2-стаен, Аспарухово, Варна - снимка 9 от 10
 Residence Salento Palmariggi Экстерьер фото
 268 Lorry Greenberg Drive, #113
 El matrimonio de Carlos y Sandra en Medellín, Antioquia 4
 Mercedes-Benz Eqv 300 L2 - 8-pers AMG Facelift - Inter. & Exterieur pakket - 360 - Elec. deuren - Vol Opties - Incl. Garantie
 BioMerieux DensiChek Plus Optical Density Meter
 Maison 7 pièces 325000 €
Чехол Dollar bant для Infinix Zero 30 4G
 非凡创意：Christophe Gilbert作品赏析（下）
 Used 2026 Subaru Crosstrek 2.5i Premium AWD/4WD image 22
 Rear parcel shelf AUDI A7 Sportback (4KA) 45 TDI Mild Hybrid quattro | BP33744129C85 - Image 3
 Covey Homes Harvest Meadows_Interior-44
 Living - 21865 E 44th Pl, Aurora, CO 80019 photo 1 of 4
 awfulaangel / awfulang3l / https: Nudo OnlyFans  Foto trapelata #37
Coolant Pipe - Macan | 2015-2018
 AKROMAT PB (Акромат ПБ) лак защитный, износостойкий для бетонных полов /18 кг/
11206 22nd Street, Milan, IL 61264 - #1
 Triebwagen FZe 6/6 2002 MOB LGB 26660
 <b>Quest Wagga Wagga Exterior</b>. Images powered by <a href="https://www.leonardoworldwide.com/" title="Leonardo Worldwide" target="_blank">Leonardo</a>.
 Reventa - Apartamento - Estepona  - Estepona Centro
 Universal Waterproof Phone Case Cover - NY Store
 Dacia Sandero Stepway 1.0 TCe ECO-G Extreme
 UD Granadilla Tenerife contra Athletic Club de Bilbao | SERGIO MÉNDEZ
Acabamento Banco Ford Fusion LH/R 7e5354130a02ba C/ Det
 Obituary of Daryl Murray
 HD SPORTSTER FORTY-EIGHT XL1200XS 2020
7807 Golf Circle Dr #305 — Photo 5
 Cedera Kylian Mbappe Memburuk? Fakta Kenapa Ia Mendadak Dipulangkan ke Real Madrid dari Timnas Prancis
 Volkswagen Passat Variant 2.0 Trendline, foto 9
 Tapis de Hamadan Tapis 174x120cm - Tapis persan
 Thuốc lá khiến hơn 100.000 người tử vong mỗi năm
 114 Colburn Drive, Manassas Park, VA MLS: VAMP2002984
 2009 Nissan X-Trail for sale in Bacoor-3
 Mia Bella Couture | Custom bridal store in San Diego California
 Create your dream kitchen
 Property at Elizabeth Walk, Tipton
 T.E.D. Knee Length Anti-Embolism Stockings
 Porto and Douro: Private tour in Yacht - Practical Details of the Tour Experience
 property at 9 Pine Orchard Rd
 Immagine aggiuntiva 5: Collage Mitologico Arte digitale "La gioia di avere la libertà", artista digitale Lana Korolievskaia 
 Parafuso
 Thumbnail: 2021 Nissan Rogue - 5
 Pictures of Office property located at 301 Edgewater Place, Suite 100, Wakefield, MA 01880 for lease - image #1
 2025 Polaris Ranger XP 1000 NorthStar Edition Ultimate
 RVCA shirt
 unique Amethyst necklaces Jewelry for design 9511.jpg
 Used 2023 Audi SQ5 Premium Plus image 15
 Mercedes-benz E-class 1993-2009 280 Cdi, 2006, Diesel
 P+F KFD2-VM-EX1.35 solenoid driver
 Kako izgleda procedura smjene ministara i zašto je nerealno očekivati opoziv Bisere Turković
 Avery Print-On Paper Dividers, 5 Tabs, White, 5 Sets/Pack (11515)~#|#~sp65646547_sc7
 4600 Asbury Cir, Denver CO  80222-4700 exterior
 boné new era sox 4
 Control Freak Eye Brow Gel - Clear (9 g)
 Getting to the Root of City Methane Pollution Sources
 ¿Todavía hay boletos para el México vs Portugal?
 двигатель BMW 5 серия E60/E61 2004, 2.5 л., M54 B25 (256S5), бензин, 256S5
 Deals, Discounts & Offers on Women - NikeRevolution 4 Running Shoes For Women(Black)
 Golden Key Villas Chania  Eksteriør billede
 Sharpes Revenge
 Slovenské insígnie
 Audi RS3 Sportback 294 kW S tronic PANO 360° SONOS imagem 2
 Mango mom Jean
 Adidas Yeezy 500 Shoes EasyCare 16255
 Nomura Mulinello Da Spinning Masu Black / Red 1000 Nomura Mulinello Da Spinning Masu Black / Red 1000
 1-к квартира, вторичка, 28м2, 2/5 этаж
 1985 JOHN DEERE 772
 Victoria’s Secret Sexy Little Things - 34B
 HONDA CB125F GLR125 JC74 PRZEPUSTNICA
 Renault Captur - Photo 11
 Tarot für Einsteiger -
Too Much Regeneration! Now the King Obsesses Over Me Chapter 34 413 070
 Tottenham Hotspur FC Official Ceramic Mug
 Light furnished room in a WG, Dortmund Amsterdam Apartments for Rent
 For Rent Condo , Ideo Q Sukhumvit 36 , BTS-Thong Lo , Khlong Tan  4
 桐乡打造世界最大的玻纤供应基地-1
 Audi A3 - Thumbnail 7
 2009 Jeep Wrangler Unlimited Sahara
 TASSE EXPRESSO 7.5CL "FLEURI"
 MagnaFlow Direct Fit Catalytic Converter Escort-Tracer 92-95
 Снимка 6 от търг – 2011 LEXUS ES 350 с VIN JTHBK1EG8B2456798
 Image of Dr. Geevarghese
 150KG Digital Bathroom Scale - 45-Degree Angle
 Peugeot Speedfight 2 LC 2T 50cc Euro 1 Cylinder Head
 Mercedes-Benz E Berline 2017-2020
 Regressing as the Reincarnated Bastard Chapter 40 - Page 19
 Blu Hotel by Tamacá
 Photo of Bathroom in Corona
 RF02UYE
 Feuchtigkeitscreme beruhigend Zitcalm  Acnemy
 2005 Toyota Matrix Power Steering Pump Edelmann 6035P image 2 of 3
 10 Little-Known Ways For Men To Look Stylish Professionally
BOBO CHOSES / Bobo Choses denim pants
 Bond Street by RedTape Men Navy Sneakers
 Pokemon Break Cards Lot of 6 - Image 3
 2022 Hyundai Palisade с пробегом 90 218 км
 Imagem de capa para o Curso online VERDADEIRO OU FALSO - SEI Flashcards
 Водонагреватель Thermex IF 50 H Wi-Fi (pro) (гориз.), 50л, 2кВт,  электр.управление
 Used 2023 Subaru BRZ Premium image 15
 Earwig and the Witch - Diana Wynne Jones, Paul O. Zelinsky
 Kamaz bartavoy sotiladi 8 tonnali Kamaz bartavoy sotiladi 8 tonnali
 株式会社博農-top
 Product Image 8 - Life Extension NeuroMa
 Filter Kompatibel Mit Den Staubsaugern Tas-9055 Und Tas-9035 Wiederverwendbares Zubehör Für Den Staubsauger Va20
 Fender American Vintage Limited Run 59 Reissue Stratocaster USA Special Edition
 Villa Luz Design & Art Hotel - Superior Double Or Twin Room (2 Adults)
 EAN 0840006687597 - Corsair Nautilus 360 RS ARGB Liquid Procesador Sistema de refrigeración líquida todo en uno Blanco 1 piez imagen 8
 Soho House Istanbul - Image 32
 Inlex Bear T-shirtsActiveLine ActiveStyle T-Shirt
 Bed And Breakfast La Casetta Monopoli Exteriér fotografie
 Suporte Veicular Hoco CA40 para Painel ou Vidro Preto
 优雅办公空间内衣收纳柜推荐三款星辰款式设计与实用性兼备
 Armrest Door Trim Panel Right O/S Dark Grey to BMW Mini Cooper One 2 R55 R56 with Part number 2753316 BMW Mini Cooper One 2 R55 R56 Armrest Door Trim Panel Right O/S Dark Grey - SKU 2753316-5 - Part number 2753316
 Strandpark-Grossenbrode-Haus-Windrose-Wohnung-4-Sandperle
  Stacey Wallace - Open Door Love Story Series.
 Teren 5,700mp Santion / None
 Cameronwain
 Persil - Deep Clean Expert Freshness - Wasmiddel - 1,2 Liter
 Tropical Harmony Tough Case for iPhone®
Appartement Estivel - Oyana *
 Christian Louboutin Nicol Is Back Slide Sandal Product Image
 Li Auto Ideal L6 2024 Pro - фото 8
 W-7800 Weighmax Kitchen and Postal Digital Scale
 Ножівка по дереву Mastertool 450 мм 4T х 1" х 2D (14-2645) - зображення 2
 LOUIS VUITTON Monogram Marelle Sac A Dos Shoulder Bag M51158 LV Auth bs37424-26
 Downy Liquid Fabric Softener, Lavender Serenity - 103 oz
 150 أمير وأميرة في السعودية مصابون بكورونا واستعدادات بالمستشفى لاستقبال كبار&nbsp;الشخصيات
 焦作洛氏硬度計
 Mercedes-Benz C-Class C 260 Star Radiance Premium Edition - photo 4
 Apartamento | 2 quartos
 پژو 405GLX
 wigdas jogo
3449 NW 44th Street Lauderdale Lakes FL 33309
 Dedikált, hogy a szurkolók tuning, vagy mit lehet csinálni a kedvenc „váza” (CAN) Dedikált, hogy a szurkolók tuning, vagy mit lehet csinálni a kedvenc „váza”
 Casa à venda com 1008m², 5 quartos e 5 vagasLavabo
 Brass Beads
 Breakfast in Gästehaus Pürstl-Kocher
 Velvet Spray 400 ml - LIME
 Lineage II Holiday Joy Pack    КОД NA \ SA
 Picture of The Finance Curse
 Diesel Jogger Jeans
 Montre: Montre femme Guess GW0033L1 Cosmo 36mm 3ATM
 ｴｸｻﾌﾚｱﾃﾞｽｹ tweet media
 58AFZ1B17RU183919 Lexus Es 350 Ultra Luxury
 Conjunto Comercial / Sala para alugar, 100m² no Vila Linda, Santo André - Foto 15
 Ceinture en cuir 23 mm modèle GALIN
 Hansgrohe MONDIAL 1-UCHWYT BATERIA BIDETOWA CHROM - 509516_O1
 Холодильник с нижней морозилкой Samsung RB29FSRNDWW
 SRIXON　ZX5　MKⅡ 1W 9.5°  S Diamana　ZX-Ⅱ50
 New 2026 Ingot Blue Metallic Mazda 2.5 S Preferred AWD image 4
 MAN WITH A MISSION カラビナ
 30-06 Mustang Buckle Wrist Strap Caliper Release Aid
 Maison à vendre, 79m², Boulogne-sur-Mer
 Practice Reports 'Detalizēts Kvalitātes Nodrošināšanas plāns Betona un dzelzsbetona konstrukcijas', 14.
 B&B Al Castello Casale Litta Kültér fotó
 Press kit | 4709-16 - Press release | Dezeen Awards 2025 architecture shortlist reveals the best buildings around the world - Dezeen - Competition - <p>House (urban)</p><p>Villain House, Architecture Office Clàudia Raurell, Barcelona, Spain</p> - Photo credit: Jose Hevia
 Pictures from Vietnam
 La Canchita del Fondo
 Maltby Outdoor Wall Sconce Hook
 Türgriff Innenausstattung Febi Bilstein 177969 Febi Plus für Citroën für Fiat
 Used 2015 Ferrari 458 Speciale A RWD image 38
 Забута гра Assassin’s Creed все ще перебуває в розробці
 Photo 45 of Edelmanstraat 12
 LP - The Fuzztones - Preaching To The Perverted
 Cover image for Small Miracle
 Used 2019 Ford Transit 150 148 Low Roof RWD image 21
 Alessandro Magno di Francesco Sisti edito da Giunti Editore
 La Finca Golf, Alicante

################

▶ [Work required]
Within the material above, copy exactly the lines from the line that holds "Universal Waterproof Phone" up to and including the line that holds "Obituary of Daryl Murray".

▶ [Response area]
 Universal Waterproof Phone Case Cover - NY Store
 Dacia Sandero Stepway 1.0 TCe ECO-G Extreme
 UD Granadilla Tenerife contra Athletic Club de Bilbao | SERGIO MÉNDEZ
Acabamento Banco Ford Fusion LH/R 7e5354130a02ba C/ Det
 Obituary of Daryl Murray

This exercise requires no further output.